**EXERCISE:** From the line containing "67 Six Seven" through the last line of the entries, output the text exactly. Pictures stay out.

Records from a data collection
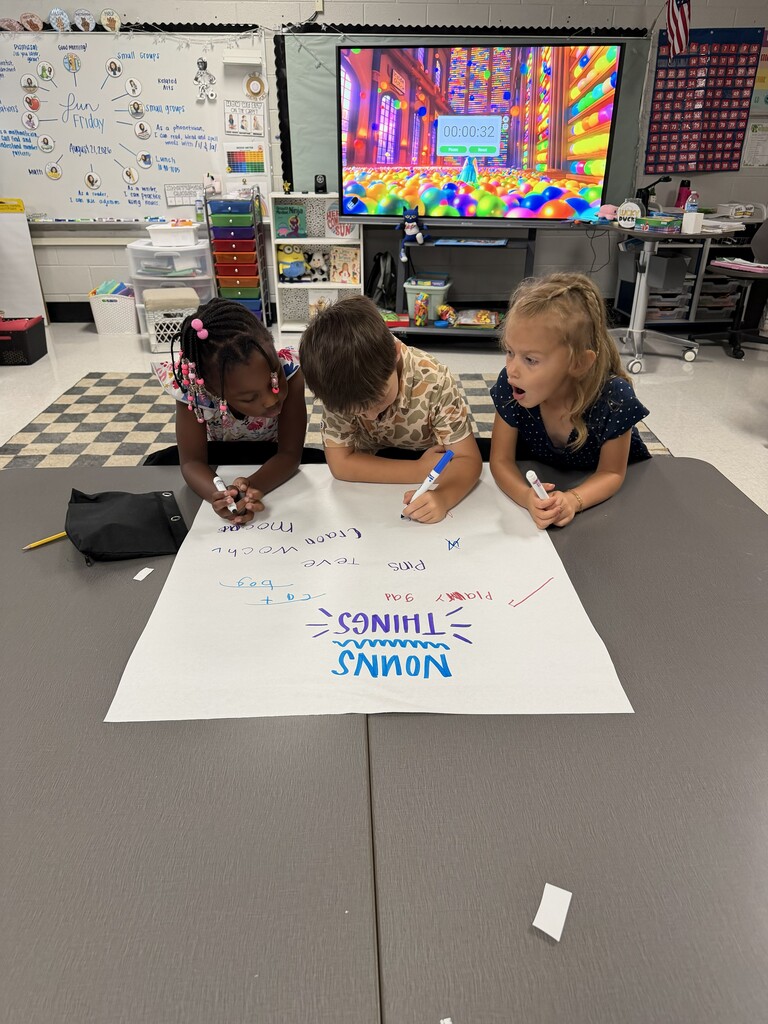 Mrs. Alley's 1st grade students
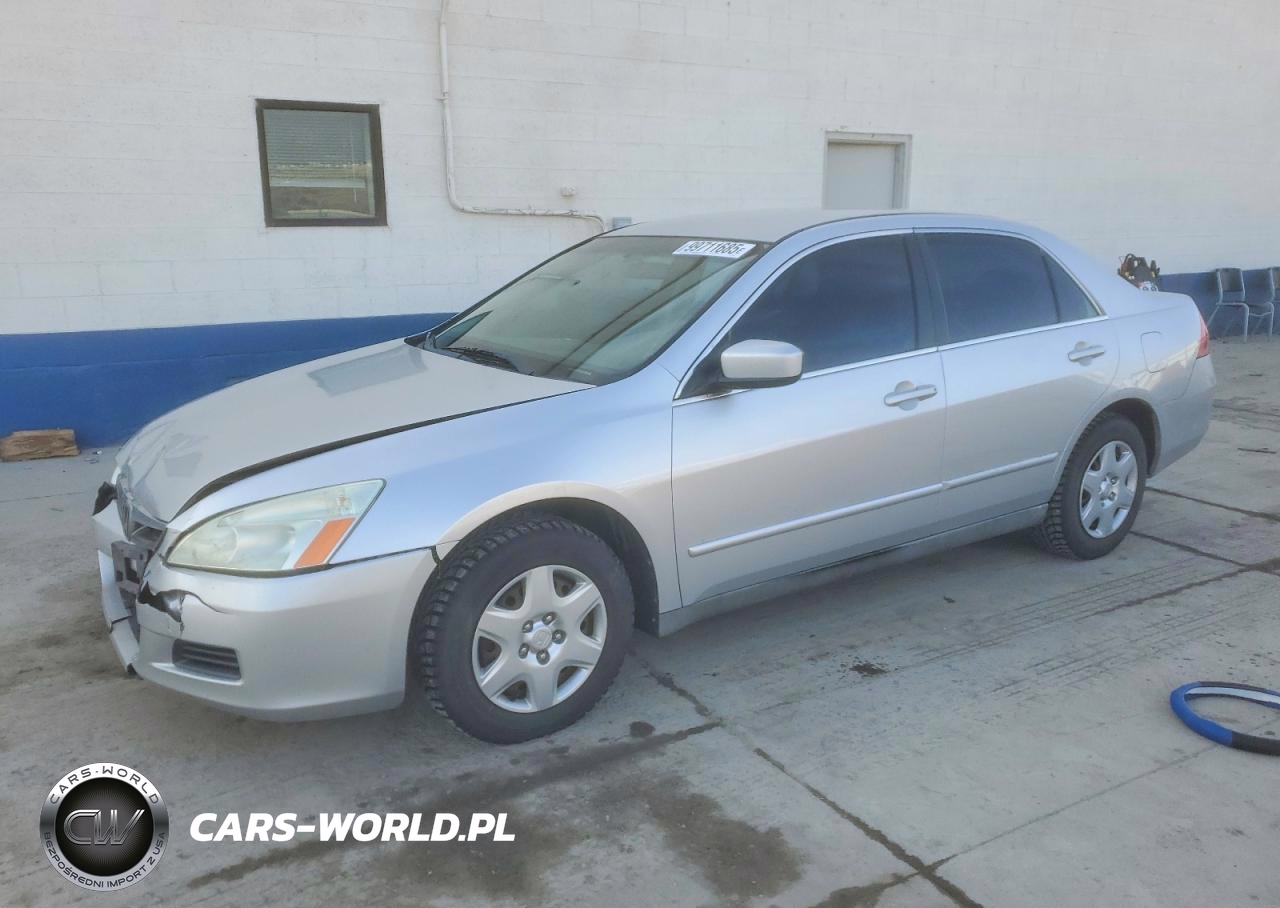 2007 Honda Accord Lx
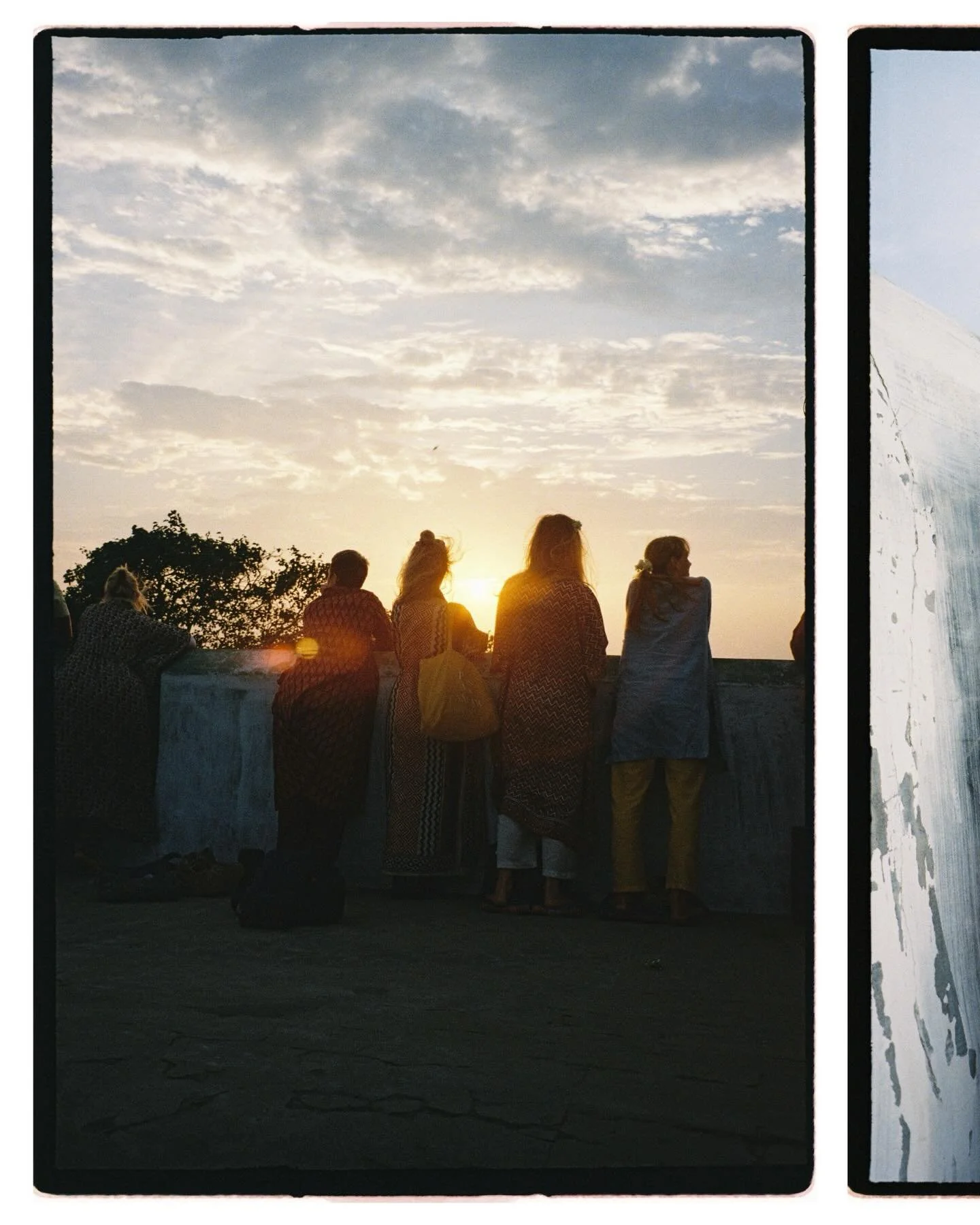 Sunset at a sweet outdoor temple in Rameshwaram, Gandhamadhana Parvatham, on the highest point of the island, dedicated to Rama where it&rsquo;s said his footprint is from the time of the Ramayana. Whatever your belief on the timelines of life, these
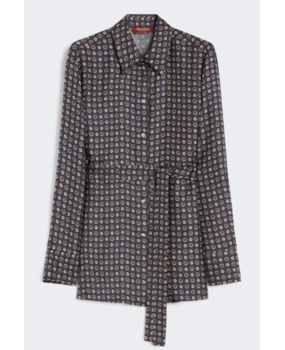 MAX MARA Blouse Zijden Boccale MAX MARA Blouse Zijden Boccale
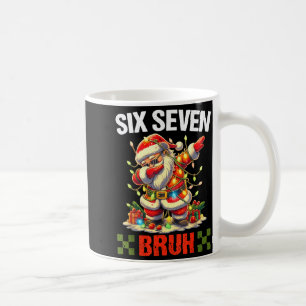 67 Six Seven Burh Funny Christmas 6 7 Meme Men Wom Coffee Mug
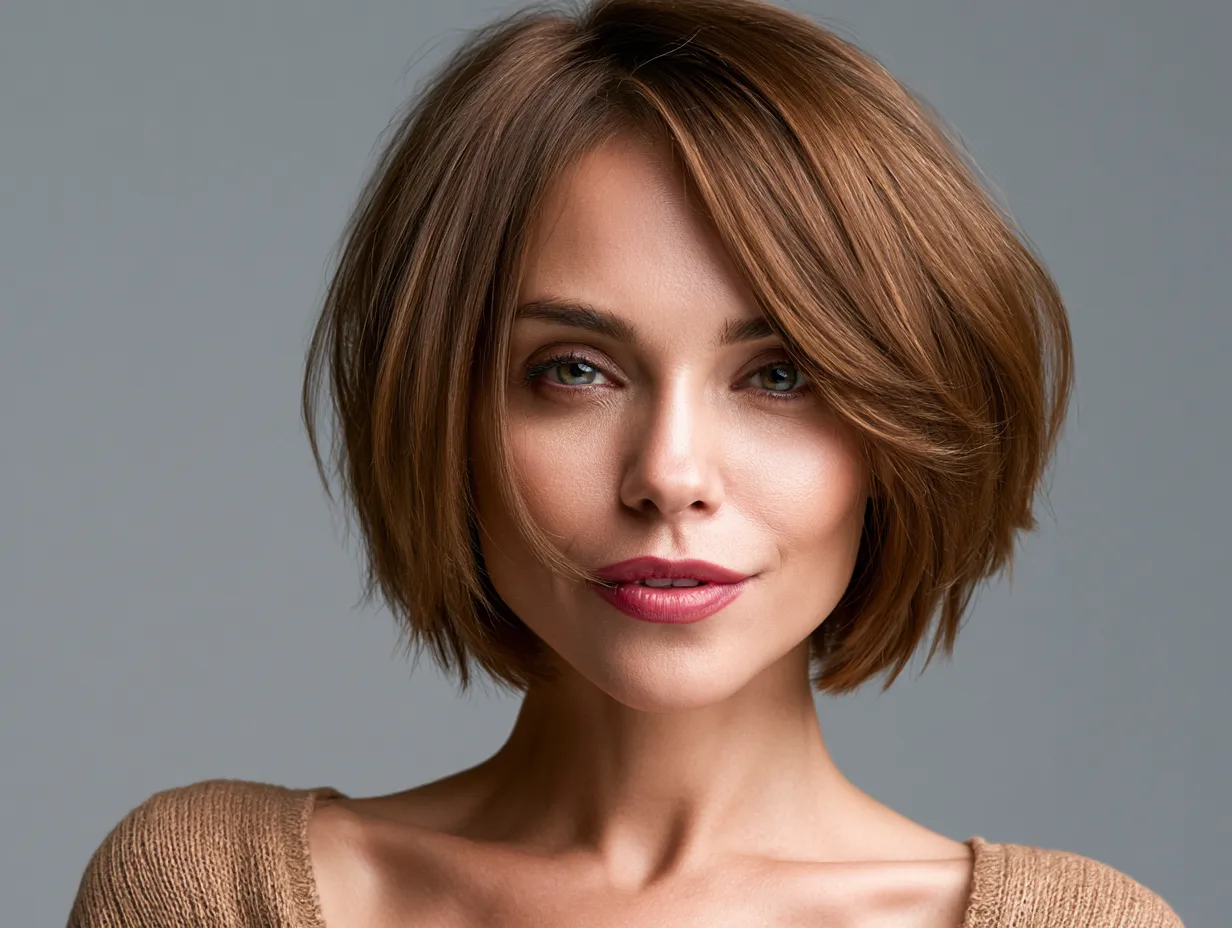bob hairstyles for square faces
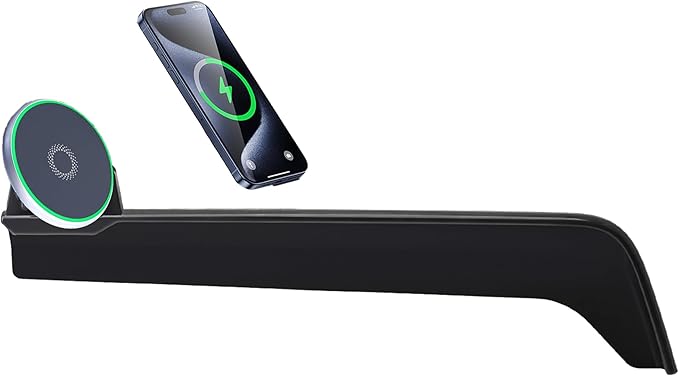 Car Phone Holder for Chevrolet Equinox 2025 Accessories Apply to 11.3 Inch Touch Screen15W Fast Wireless Charger Screen Fixed Clip Cell Phone Mount Hands-Free 360 Degree Rotation
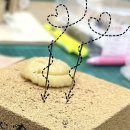 한 땀 가죽소품 | [김포/운양] 한 땀 한 땀.. 리소가죽공예 첫 수업 후기..!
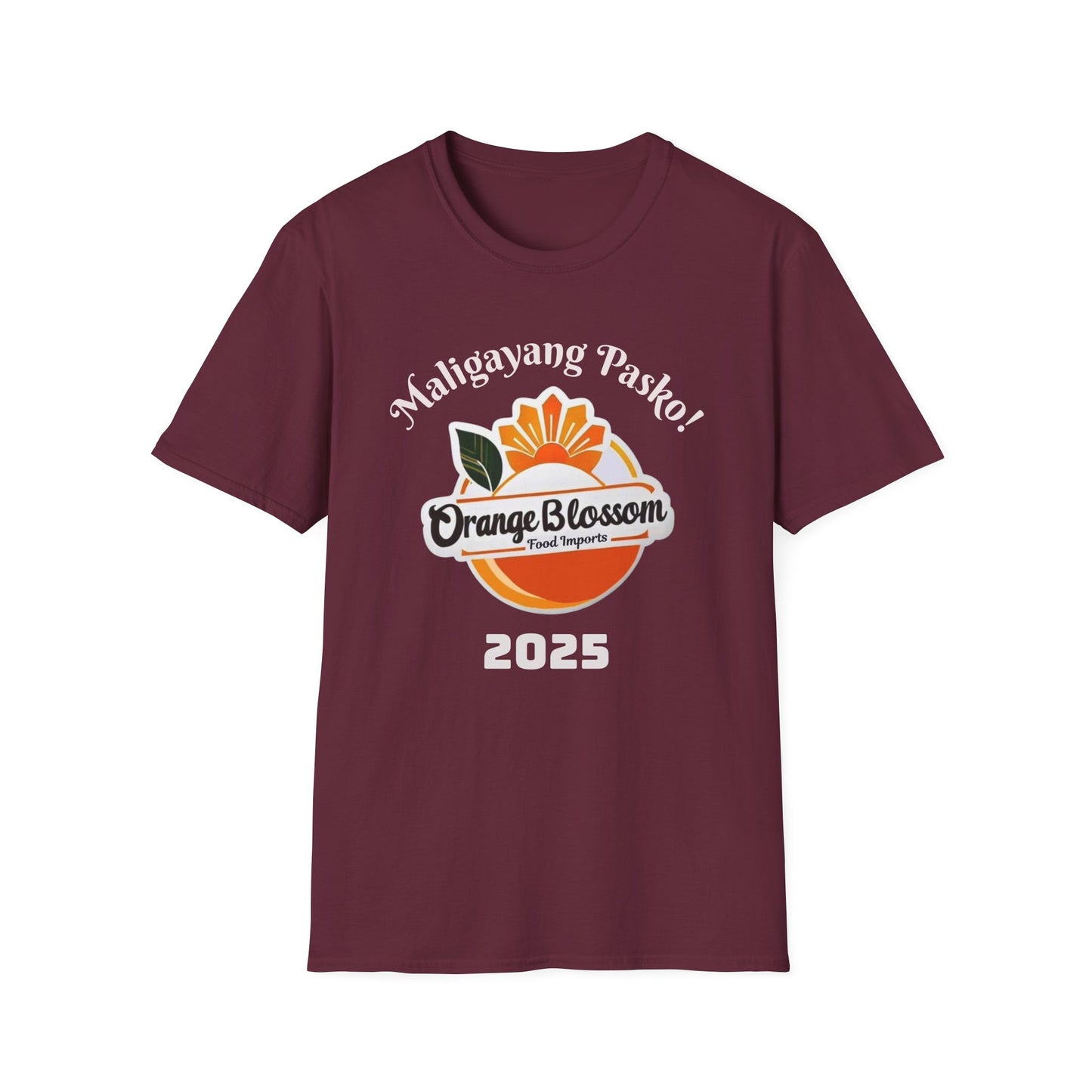 White Christmas Orange Blossom 2025 T-Shirt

**WRITTEN SOLUTION:**
 67 Six Seven Burh Funny Christmas 6 7 Meme Men Wom Coffee Mug
bob hairstyles for square faces
 Car Phone Holder for Chevrolet Equinox 2025 Accessories Apply to 11.3 Inch Touch Screen15W Fast Wireless Charger Screen Fixed Clip Cell Phone Mount Hands-Free 360 Degree Rotation
 한 땀 가죽소품 | [김포/운양] 한 땀 한 땀.. 리소가죽공예 첫 수업 후기..!
 White Christmas Orange Blossom 2025 T-Shirt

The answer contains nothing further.